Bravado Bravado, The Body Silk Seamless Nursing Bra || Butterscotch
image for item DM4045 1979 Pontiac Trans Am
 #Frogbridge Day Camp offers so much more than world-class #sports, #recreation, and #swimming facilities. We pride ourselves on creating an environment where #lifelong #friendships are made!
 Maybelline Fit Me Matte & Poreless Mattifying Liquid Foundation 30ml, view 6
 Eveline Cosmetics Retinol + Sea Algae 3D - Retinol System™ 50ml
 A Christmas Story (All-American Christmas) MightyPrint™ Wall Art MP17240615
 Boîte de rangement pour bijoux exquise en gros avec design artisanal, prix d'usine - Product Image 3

================

EXERCISE
Take the records shown above and output them again exactly.

EXPECTED ANSWER
Bravado Bravado, The Body Silk Seamless Nursing Bra || Butterscotch
image for item DM4045 1979 Pontiac Trans Am
 #Frogbridge Day Camp offers so much more than world-class #sports, #recreation, and #swimming facilities. We pride ourselves on creating an environment where #lifelong #friendships are made!
 Maybelline Fit Me Matte & Poreless Mattifying Liquid Foundation 30ml, view 6
 Eveline Cosmetics Retinol + Sea Algae 3D - Retinol System™ 50ml
 A Christmas Story (All-American Christmas) MightyPrint™ Wall Art MP17240615
 Boîte de rangement pour bijoux exquise en gros avec design artisanal, prix d'usine - Product Image 3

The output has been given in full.